§ **Exercise objective**: In the records below, find the line that contains "Certified 2024 Toyota". Retype that line and all the lines after it through the end, leaving out the pictures.

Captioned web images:
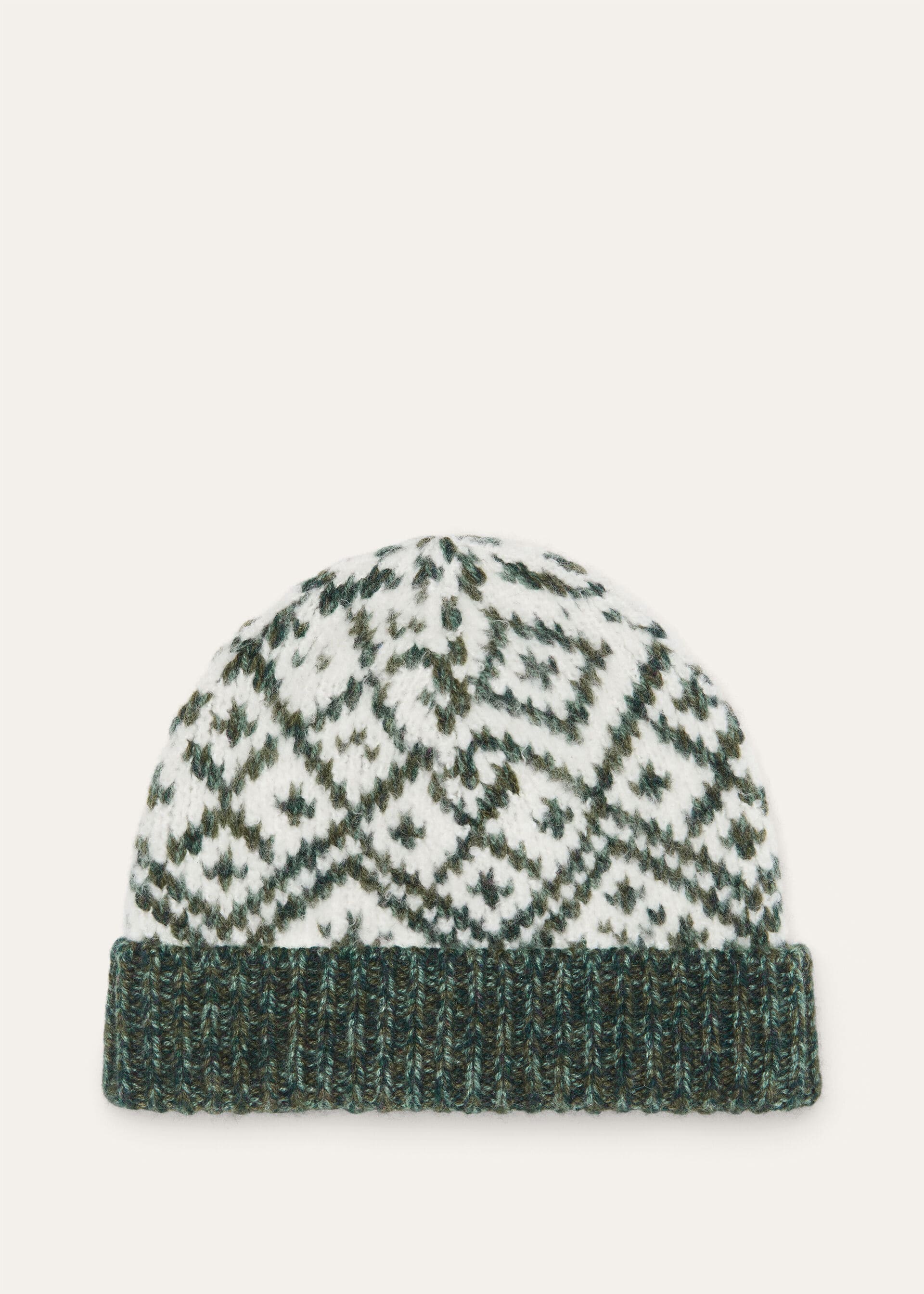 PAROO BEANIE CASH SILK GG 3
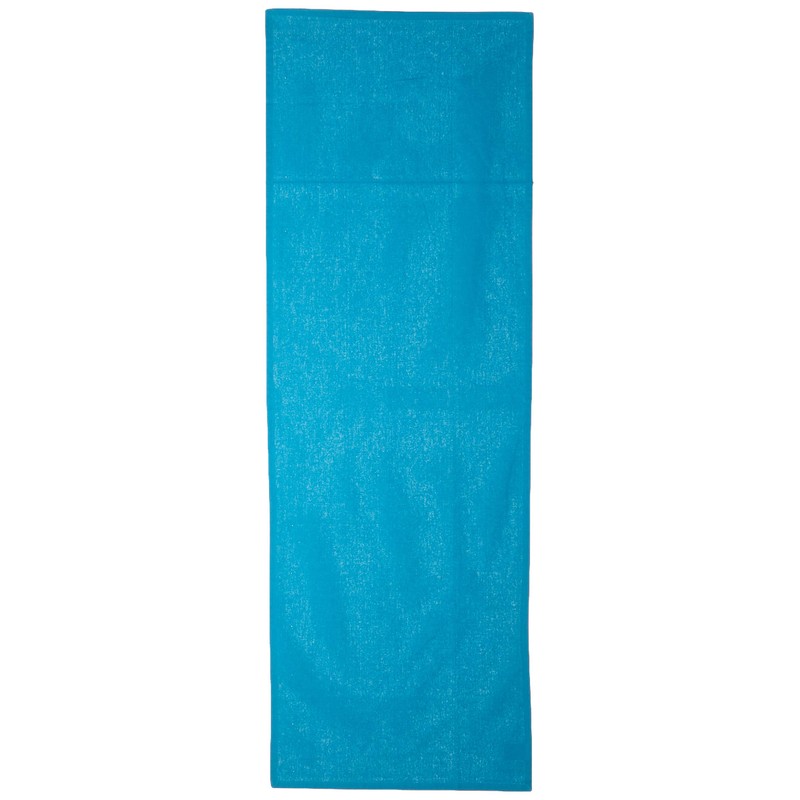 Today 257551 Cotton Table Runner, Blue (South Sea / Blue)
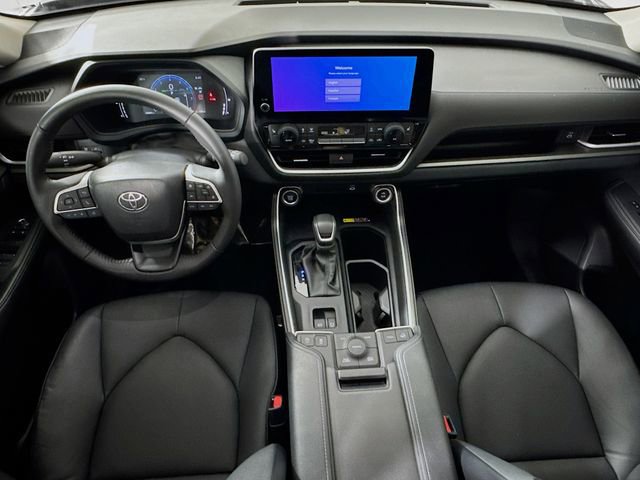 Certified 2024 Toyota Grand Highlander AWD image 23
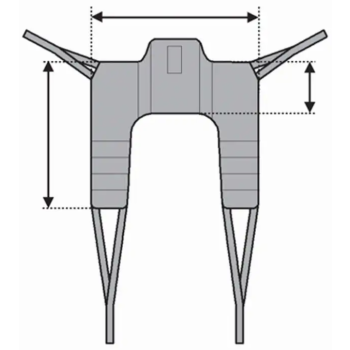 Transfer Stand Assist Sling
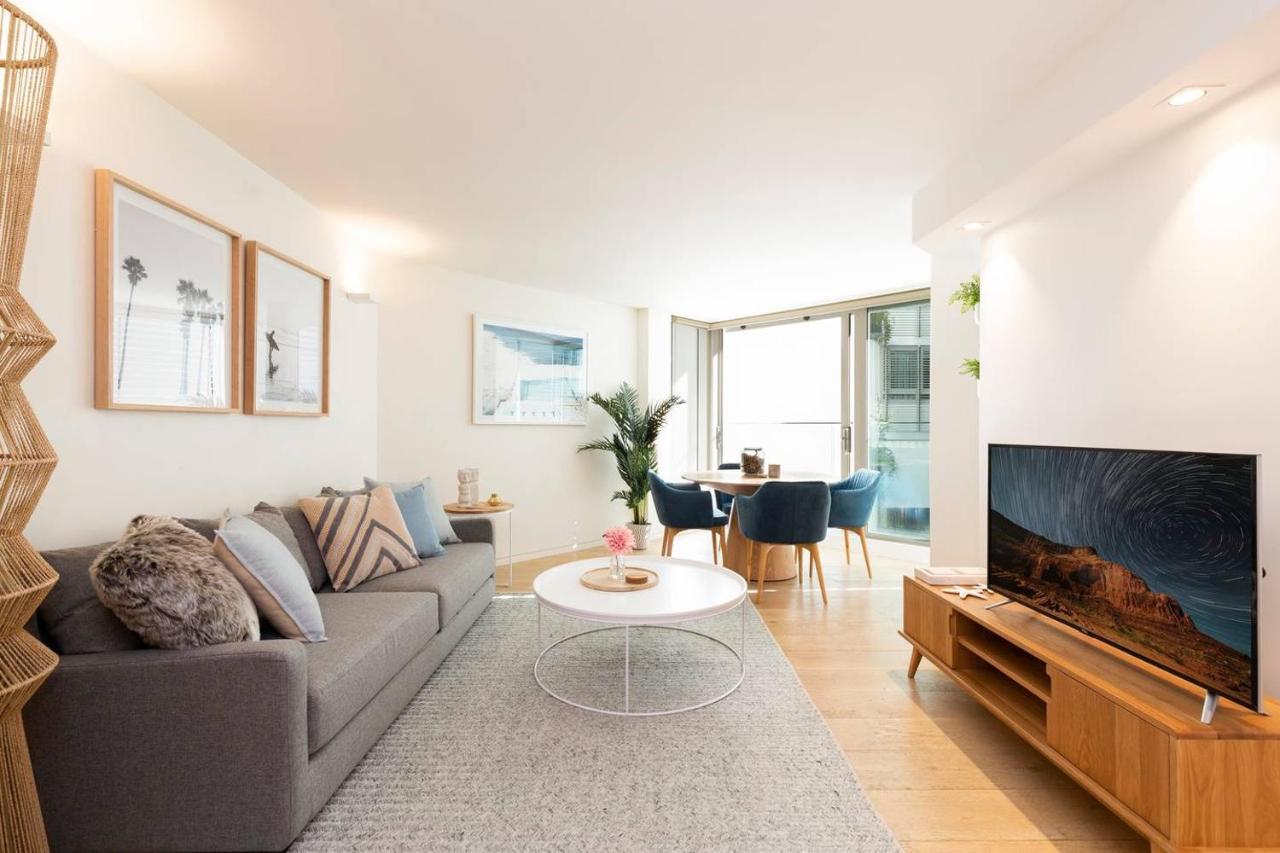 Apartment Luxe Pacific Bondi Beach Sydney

§ **Response to the task**:
 Certified 2024 Toyota Grand Highlander AWD image 23
 Transfer Stand Assist Sling
 Apartment Luxe Pacific Bondi Beach Sydney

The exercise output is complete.